What the task requires
The reply must repeat the listing below exactly and carry none of its pictures.

Task inputs
########

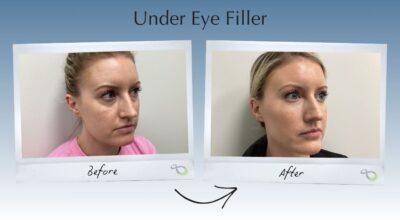 Under Eye Filler Newtown, PA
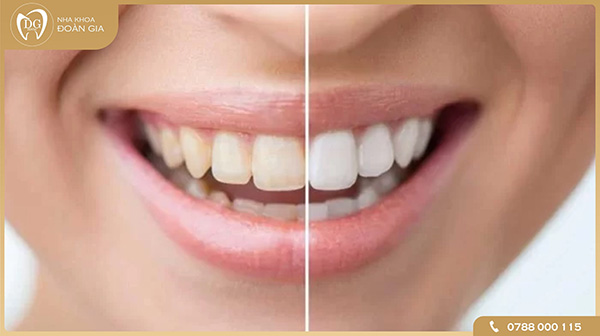 Tẩy trắng răng bằng đèn plasma có hại không ?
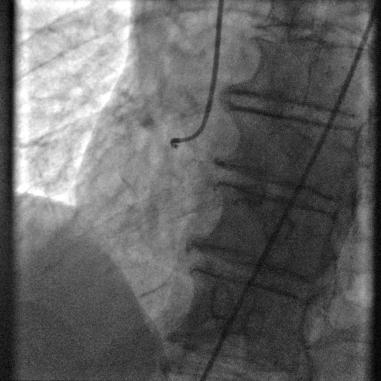 3/25/2013 Right Coronary Artery Left Coronary Artery FFR in Culprit Lesions: Subacute Setting Flow = Pressure Gradient / Resistance Normal microvasculature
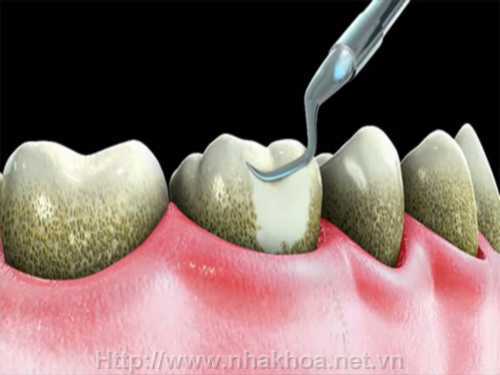 Là cựu người mẫu nhưng Diễm Kyly khá lép vế trước dàn thí sinh của cuộc thi.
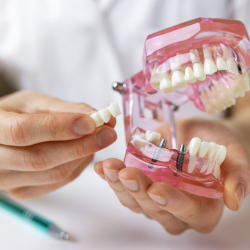 Dental Bridges
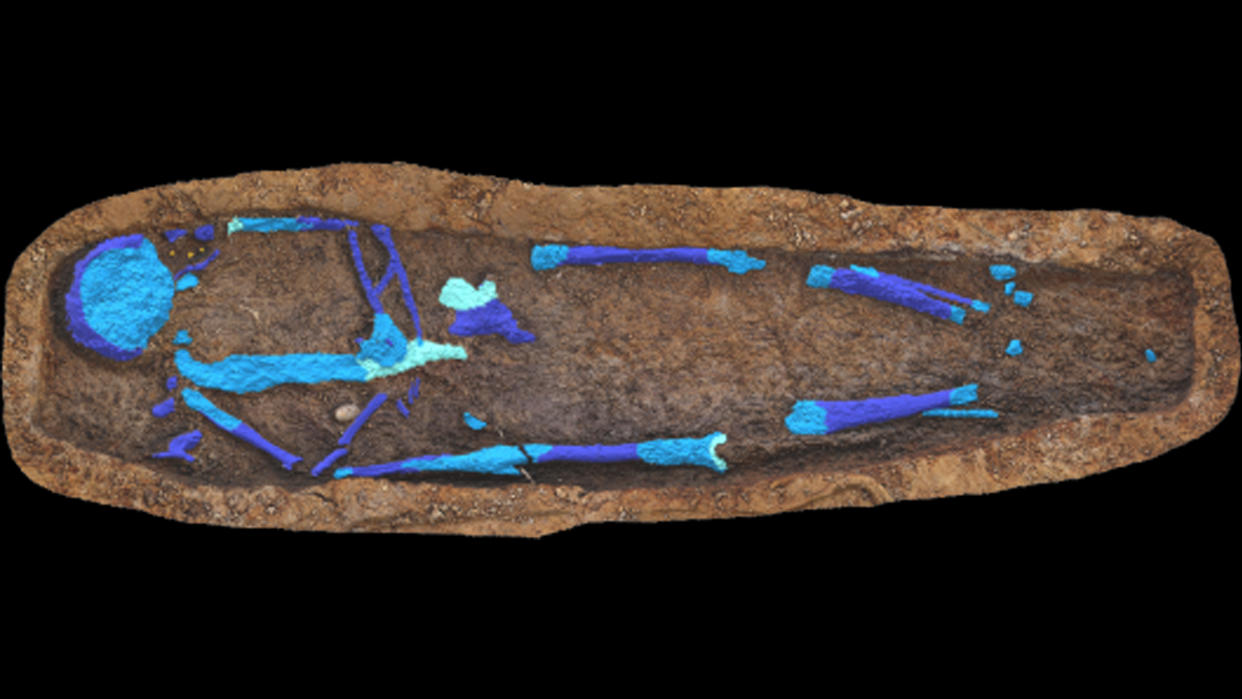  Overview of the skeleton (shaded in blue) during excavation. The preserved porcelain gallbladder can be seen in the right side of the woman’s torso. .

########

Your response
 Under Eye Filler Newtown, PA
 Tẩy trắng răng bằng đèn plasma có hại không ?
 3/25/2013 Right Coronary Artery Left Coronary Artery FFR in Culprit Lesions: Subacute Setting Flow = Pressure Gradient / Resistance Normal microvasculature
 Là cựu người mẫu nhưng Diễm Kyly khá lép vế trước dàn thí sinh của cuộc thi.
 Dental Bridges
  Overview of the skeleton (shaded in blue) during excavation. The preserved porcelain gallbladder can be seen in the right side of the woman’s torso. .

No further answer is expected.